So the Samsung Gear S2 is finally available, and we're starting to get some quality time with Samsung's Tizen-powered smartwatch. We came away from our hands-on in Berlin a month ago pleasantly surprised by the look and feel of the watch itself, as as well as by the initial performance of the alternative operating system.
There's a lot to learn here. A lot of new things to get used to.
But we've already figured out a few things that you'll definitely need to know as you head into your time with the Gear S2.
The Gear S2 works with a good number of Android phones
Probably the biggest news to come out of the announcement of the Gear S2 was that for the first time a Samsung smartwatch will work on more than just Samsung devices.
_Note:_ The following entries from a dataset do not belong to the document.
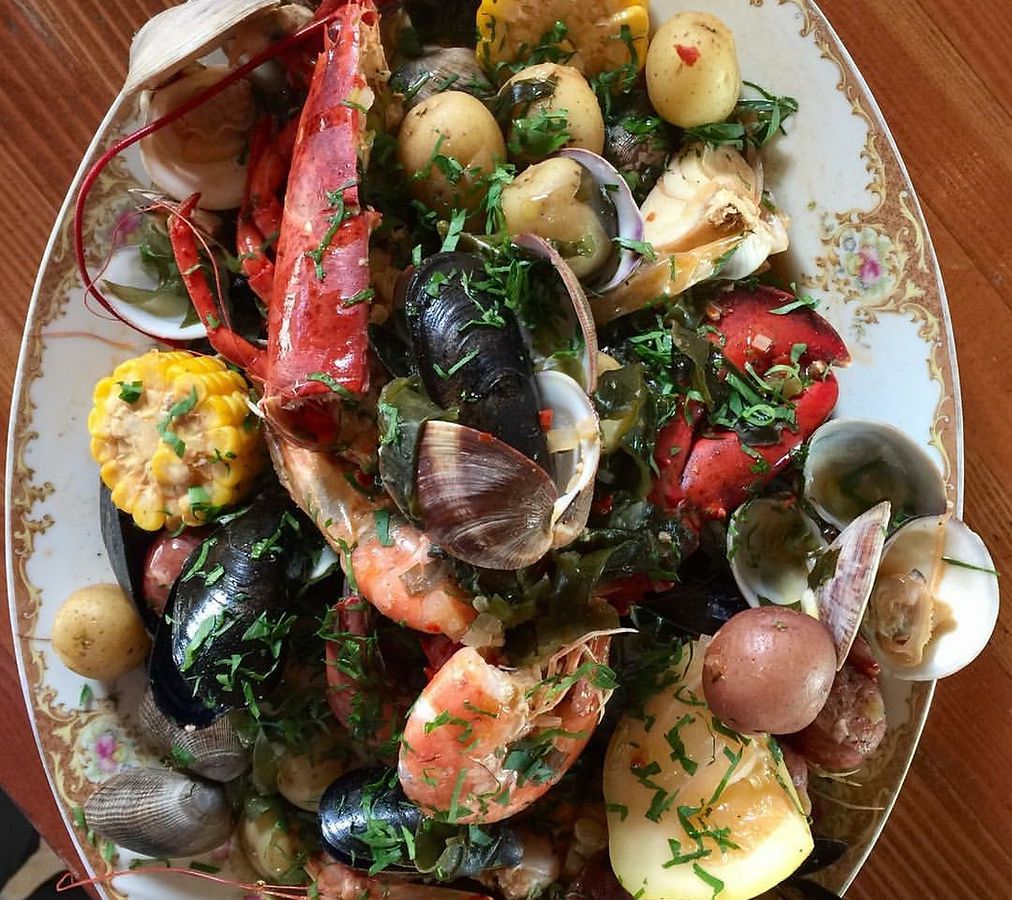 A platter of purloo — a generous pile of cobs of corn, mussels, shrimp, and other seafood.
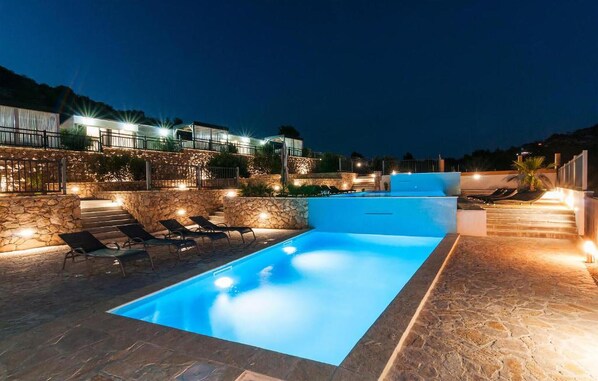 Relax by the pool surrounded by steps and balconies.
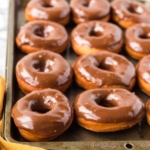 A baking tray filled with freshly glazed chocolate donuts, arranged in rows. A yellow cloth is partially visible in the bottom left corner.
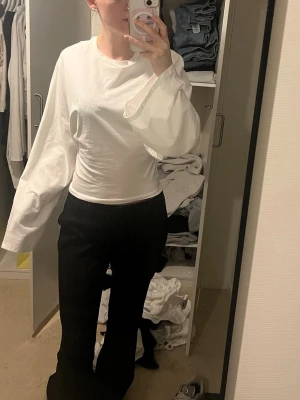 Vit långärmad topp med vida ärmar - Säljer en vit långärmad topp med vida ärmar och rund hals. Toppen har en slim passform i midjan och är tillverkad i ett mjukt bomullsliknande material. Perfekt för dig som gillar minimalistisk och clean stil. Aldrig använd har lappen kvar 
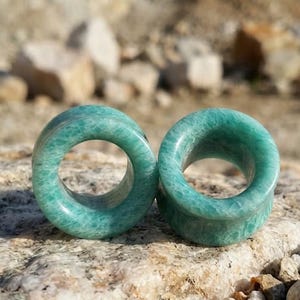 May include: A pair of circular ear plugs crafted from polished green amazonite stone. Each piece features a smooth, cylindrical shape with a hollow centre, showcasing the natural marbled texture and varying shades of teal and mint green throughout.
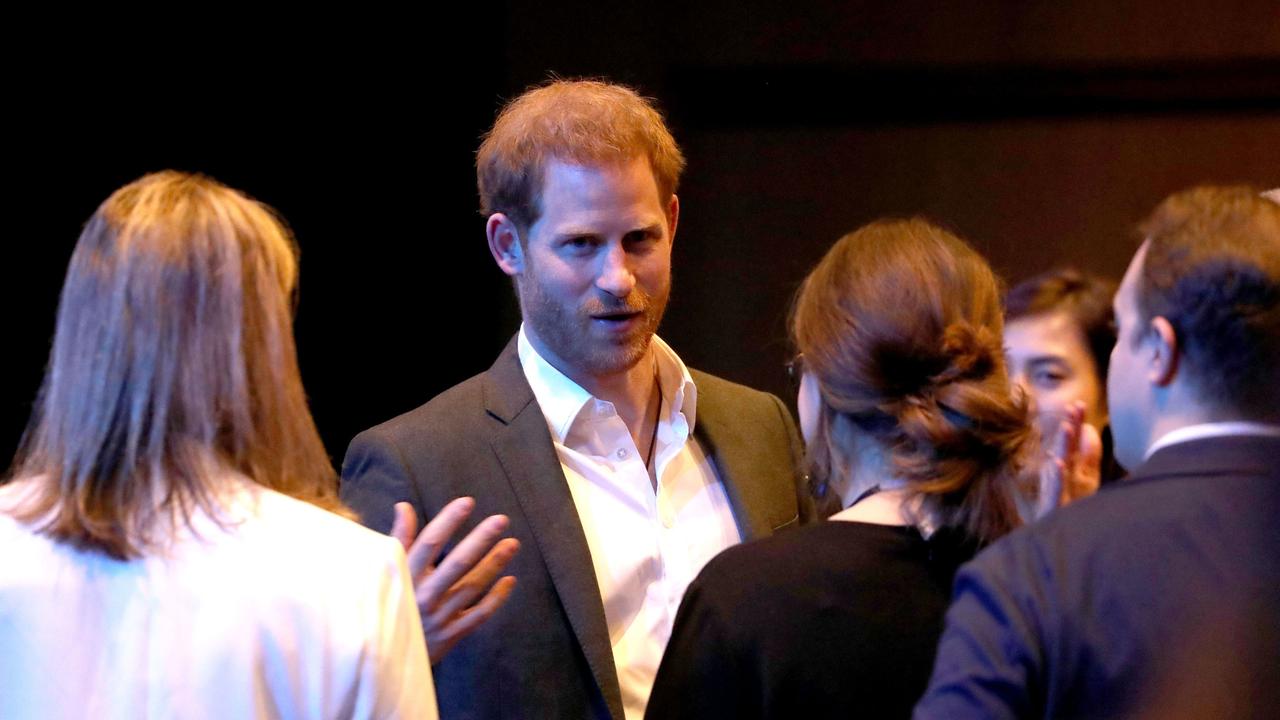 Prince Harry appeared in good spirits as he spoke to delegates at the summit. Picture: AFP/ Andrew Milligan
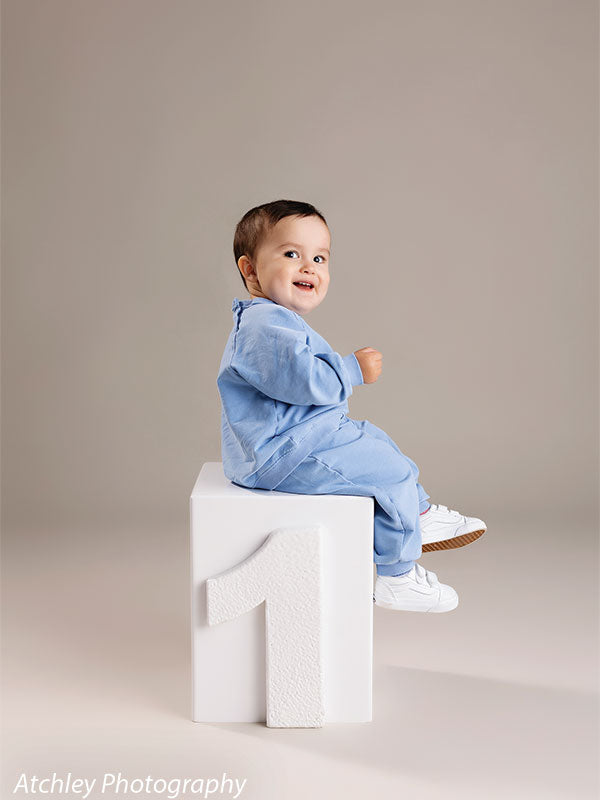 Toddler portrait on milestone prop with neutral gray studio backdrop—ideal for newborn and family studios.
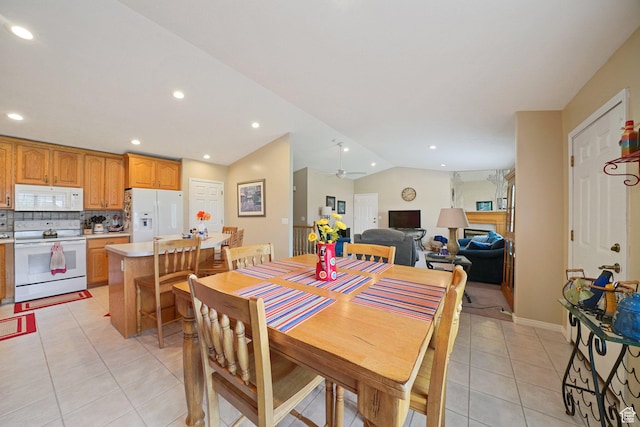 dining room featuring light tile patterned floors, vaulted ceiling, recessed lighting, and baseboards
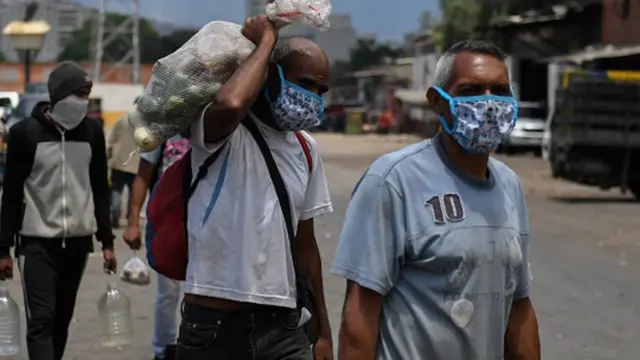 Hombres en Venezuela con mascarillas y alimentos.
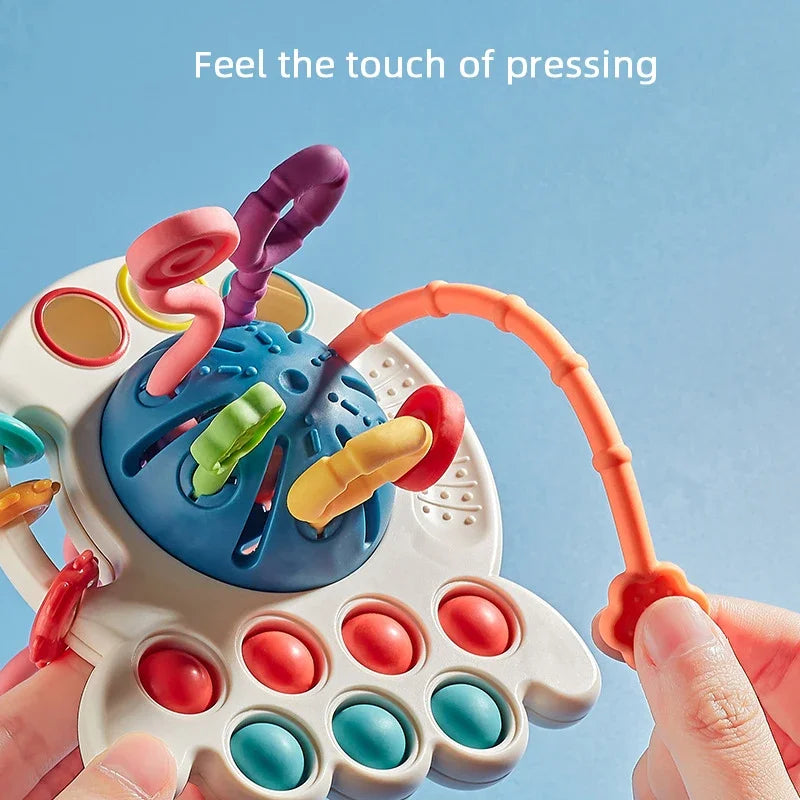 Jouet Bébé Sensoriel Multicolore – Tirage de Cordes & Motricité (6–36 mois)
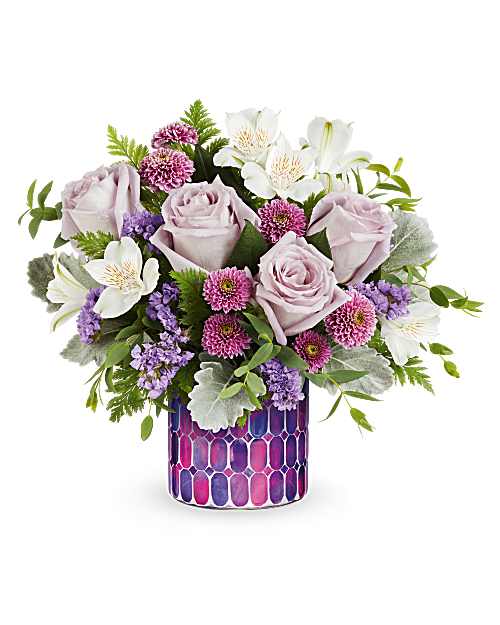 Whimsical Lovelies Bouquet - Teleflora's Whimsical Lovelies Bouquet delights with soft pastel blooms arranged in Teleflora's Bedazzling Beauty Mosaic. This charming flower arrangement doubles as a sparkling votive after the flowers are gone-perfect for birthdays, celebrations, or everyday joy. Teleflora's Whimsical Lovelies Bouquet is a charming pastel flower arrangement featuring lavender roses, white alstroemeria, lavender button spray chrysanthemums, and lavender sinuata statice, accented with dusty miller, parvifolia eucalyptus, and leatherleaf fern, delivered in Teleflora's Bedazzling Beauty Mosaic keepsake. Orientation: All-Around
Not that Samsung is a small ecosystem or anything, but we've long been proponents of Samsung opening things up to other phones.
It'll work with the latest from Samsung, of course, including the Note 5 and the Galaxy S6 models. But if you're not rocking one of those, the Gear S2 also will work with most anything running Android 4.4 and up, so long as it has at least 1.5GB of RAM.
For a more specific list of what Samsung official says will work, check out this page.
You've got some setup work to do
Once you've got the watch, you've got to get it paired with a phone. And to do that you're going to need the Gear Manager app. If you're on a Samsung phone you can get it through the Galaxy Apps store. (Click here to get there directly.) In fact, that's the only place you will get the Gear Manager app, because Samsung's made it unavailable to Samsung phones in Google Play. (Annoying, but I get it.) If you're not on a Samsung phone, you'll be getting the Gear Manager app from Google Play. Here's the link.
Once you've got the Gear Manager installed, you'll pair the watch, then pick which apps from your phone you want to kick notifications over. And it's worth spending a little time in the settings, to see what else you can monkey with.
It works decently with Google apps
The big question for me, coming from using Android Android Wear full-time for more than a year, is how the things I currently do will work on a Samsung smartwatch running Tizen. I archive a lot of email from my wrist in Gmail. I reply to a lot of things in Hangouts by speaking. And when I'm home I tend to control Google Play Music from my watch.
The Gear S2 has hooks for all of these apps. (And I'm still finding my way through others. It's maybe not quite as elegant as Android Wear — I'm still getting used to bezel-twisting-and-tapping paradigm, and Samsung tends to have tiny touch points compared to the one-action-per-screen you'll find on Android Wear. But it's absolutely better than nothing, and that keeps me from immediately wanting to put the watch down.
Again, it's still way early for me and the Gear S2. But some of the Google functions I use most are working very well thus far — we'll have to see what limitations we come across in longer-term testing.
You can set a custom wake-up phrase
But what about Google Now and the "OK Google" hotphrase? Samsung has it's S Voice, of course. And while it'll take some getting used to — and we'll have to see how the two directly compare for speed, accuracy and results — S Voice has gotten pretty good over the years.
Plus, you can set a custom wake word. So you're not shackled to "OK Google" or "Heya, Samsung!" (In fact, it prefers if you use something that's more than just a couple syllables.
It comes with two sets of straps
We pointed this out in our unboxing, but it's worth repeating: The Gear S2 comes with two sizes of rubber straps. The large size is what you'll find already on the box. (And for what it's worth it it's what I'm using.) There's also a small set that you can swap in as well. And even "size" is maybe a bit confusing — both sets of straps are the same thickness, the only difference between them is length. So if you have a larger wrist, you'll want the large set so that you can properly strap them together. If you have smaller wrists, you can use the small set so there isn't a ton of extra strap hanging past where you need it. You can also mix the large and small ones, if you really want to customize the length.
Unfortunately, the straps aren't a standard shape and size — you'll have to replace them with Samsung straps if you want a different color or look. (That's not the case on the Gear S2 Classic, but that's another article.)
Apps are kinda limited, for now
Unlike Android Wear, which piggybacks the watch apps off the apps that are already on your phone, Samsung's Gear S2 requires separate downloads. When we first demoed the Gear S2 at the IFA conference in Berlin, we were greeted by a plethora of apps. (Basically the watches were running everything developers had ready to go that worked decently enough to show journalists.)
But if you look through Samsung's apps as it stands today, things are a bit more sparse. In fact, most of the apps that we were told would be on the watch when it launched ... aren't quite available for the Gear S2 just yet. That will change, of course. Hopefully sooner rather than later, and we'll keep an eye on things to see how quickly the app stable starts to fill out.
Just don't be surprised if you don't find something you expected to see.